Becoming an independent and self-reliant economy has been a long-term journey. How is this idea rooted in the country’s long-lasting development history?
|Dr. Nguyen Duc Kien, head of the PM’s Economic Advisory Group |
Building an independent, self-reliant economy, deeply integrated with the global economy, is not only an aspiration but a guideline in national construction that has been set out since Vietnam secured national independence. Due to historical circumstances, we could not do this until the country was completely liberated.
Before the mid-1980s, the concept of an independent and self-reliant economy was synonymous with being proactive, independent, and autonomous in everything from production, circulation, to distribution in a closed circle, including self-sufficiency and reducing dependence on foreign countries as much as possible.
The closed mode of economic management was increasingly blurred since the country opened up and began to integrate, especially from 2007 when Vietnam became a member of the World Trade Organization. However, the country’s economic potential was minimal at that time, lacking everything except cheap labour. Economic independence and deep participation in the global economy after 2007 was about trying to attract foreign investment and perform export processing as much as possible.
In the global production chain of research and development, design, production, and distribution, Vietnam got involved in the production stage through cheap processing with low added value and no voice in the global production-distribution chain.
Leveraging fast, stable and sustainable economic development, Vietnam’s position has been steadily affirmed on the global map.
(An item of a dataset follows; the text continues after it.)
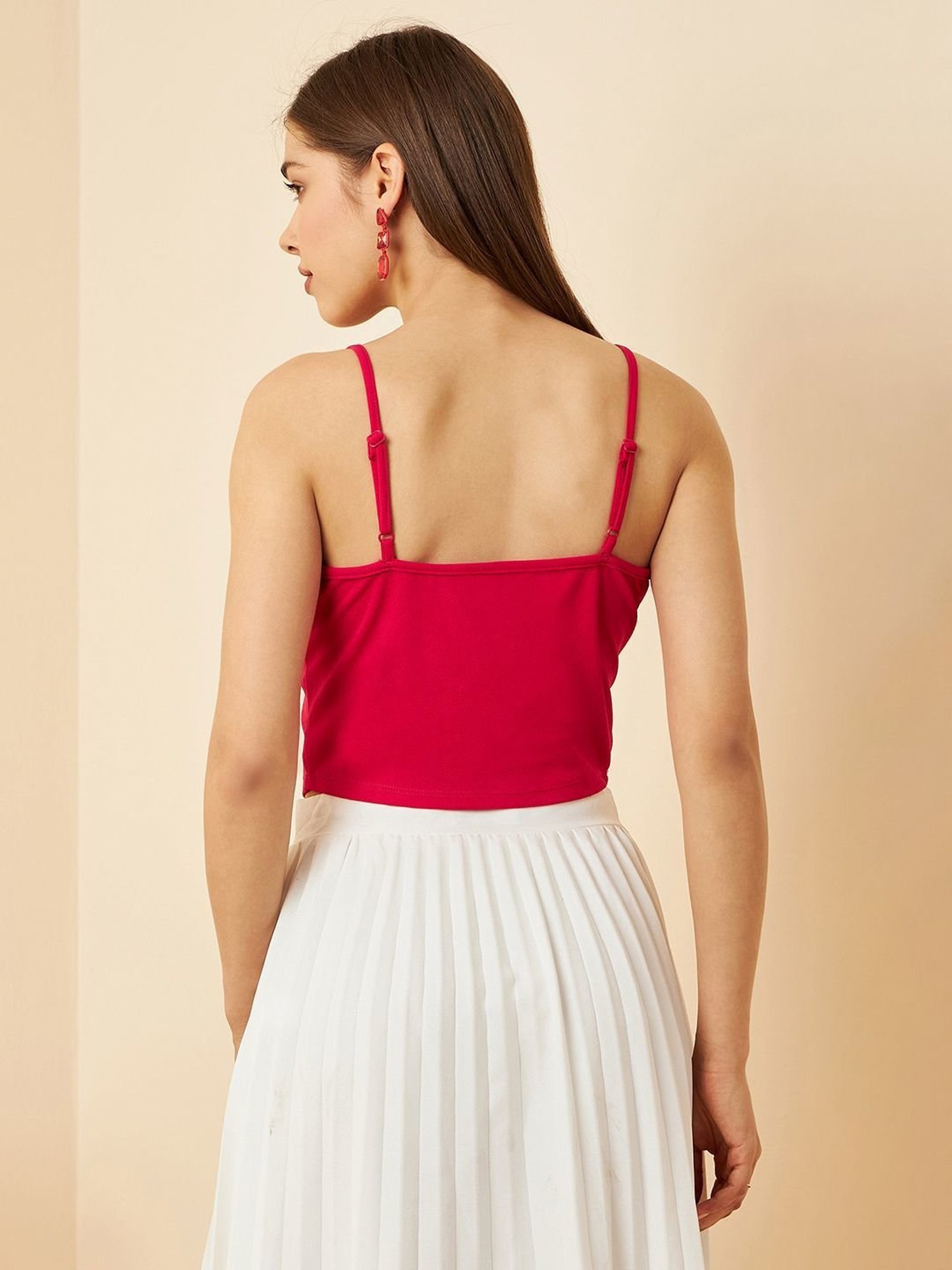 Rare Pink Sleeveless Top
The connotations of independence, self-reliance and integration are now closely associated with proactive and extensive integration while assuring substantiality and efficiency.
Vietnam no longer waits for processing orders but actively participates in the design stage, research and development, and distribution.
The country calls on foreign-invested enterprises, particularly large corporations, to invest extensively in the global production chain instead of just placing processing and assembling factories in Vietnam while other stages are carried out abroad.
How significant is the theme of building an independent, self-reliant economy in the current development landscape?
Prime Minister Pham Minh Chinh has often stressed the importance of building such a thing, embracing proactive international integration at many forums and conferences.
During the PM’s visit to the United States within the framework of the ASEAN-US Special Summit in May 2022, he reiterated his view of building an independent and self-reliant Vietnam before US scholars, politicians, and businesses, reaffirming that Vietnam will do its utmost to minimise the impact of external shocks in the integration process.
PM Chinh noted that Vietnam’s stance of building an independent and self-reliant economy, along with deep integration into the world economy, was mentioned by President Ho Chi Minh in his call to the United Nations in December 1946, when it was clearly stated that Vietnam was poised to implement an open-door policy and push up cooperation across the board.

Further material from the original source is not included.